=== Begin Enclosure ===

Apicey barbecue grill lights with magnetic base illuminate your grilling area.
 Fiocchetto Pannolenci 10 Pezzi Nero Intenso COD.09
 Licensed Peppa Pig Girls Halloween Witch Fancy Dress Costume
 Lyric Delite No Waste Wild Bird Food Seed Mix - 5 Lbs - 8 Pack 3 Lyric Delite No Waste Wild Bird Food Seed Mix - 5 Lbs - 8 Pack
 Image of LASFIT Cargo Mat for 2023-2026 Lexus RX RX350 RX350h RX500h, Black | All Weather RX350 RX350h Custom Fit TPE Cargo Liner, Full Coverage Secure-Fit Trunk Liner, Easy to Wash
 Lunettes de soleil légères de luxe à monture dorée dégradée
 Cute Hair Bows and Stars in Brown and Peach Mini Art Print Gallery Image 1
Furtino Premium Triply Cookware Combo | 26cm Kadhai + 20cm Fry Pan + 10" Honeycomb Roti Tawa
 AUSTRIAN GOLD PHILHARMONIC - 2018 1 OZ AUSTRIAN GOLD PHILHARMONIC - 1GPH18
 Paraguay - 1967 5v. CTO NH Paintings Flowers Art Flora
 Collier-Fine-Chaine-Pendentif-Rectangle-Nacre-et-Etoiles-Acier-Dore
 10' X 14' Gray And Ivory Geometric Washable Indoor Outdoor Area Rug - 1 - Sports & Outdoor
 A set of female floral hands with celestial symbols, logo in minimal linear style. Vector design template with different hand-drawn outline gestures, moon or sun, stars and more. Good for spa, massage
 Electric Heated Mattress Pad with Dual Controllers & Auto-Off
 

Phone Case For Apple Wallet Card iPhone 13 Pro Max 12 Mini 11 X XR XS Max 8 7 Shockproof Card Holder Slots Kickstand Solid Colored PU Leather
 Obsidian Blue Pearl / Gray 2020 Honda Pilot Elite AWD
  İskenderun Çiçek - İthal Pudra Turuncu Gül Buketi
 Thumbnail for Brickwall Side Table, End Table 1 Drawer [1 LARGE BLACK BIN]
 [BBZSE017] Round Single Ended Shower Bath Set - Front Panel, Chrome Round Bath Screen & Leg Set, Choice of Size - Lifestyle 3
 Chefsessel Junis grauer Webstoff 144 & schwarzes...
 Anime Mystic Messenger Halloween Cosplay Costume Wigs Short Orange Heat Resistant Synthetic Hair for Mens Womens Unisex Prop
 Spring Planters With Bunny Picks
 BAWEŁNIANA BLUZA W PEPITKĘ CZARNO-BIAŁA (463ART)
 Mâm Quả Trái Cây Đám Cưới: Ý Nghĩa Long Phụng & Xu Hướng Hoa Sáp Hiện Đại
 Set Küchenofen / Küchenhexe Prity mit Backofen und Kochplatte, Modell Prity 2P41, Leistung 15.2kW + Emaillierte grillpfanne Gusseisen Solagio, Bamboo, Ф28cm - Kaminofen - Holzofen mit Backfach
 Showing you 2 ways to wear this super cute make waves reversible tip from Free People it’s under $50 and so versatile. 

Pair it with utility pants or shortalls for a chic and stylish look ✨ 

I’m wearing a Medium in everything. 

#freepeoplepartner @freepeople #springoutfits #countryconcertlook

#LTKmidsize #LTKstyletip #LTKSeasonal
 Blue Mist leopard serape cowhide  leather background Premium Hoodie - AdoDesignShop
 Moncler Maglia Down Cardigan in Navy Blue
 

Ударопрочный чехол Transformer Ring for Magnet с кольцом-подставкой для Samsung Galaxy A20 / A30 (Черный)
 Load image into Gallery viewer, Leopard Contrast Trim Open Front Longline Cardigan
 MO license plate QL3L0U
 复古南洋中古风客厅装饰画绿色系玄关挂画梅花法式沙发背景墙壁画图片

=== End Enclosure ===

In the listing above, locate the line containing "Fiocchetto Pannolenci 10" and the line containing "İskenderun Çiçek - İthal". Transcribe those two lines and everything between them, exactly as written.

* SOLUTION TO THIS TASK:
 Fiocchetto Pannolenci 10 Pezzi Nero Intenso COD.09
 Licensed Peppa Pig Girls Halloween Witch Fancy Dress Costume
 Lyric Delite No Waste Wild Bird Food Seed Mix - 5 Lbs - 8 Pack 3 Lyric Delite No Waste Wild Bird Food Seed Mix - 5 Lbs - 8 Pack
 Image of LASFIT Cargo Mat for 2023-2026 Lexus RX RX350 RX350h RX500h, Black | All Weather RX350 RX350h Custom Fit TPE Cargo Liner, Full Coverage Secure-Fit Trunk Liner, Easy to Wash
 Lunettes de soleil légères de luxe à monture dorée dégradée
 Cute Hair Bows and Stars in Brown and Peach Mini Art Print Gallery Image 1
Furtino Premium Triply Cookware Combo | 26cm Kadhai + 20cm Fry Pan + 10" Honeycomb Roti Tawa
 AUSTRIAN GOLD PHILHARMONIC - 2018 1 OZ AUSTRIAN GOLD PHILHARMONIC - 1GPH18
 Paraguay - 1967 5v. CTO NH Paintings Flowers Art Flora
 Collier-Fine-Chaine-Pendentif-Rectangle-Nacre-et-Etoiles-Acier-Dore
 10' X 14' Gray And Ivory Geometric Washable Indoor Outdoor Area Rug - 1 - Sports & Outdoor
 A set of female floral hands with celestial symbols, logo in minimal linear style. Vector design template with different hand-drawn outline gestures, moon or sun, stars and more. Good for spa, massage
 Electric Heated Mattress Pad with Dual Controllers & Auto-Off
 

Phone Case For Apple Wallet Card iPhone 13 Pro Max 12 Mini 11 X XR XS Max 8 7 Shockproof Card Holder Slots Kickstand Solid Colored PU Leather
 Obsidian Blue Pearl / Gray 2020 Honda Pilot Elite AWD
  İskenderun Çiçek - İthal Pudra Turuncu Gül Buketi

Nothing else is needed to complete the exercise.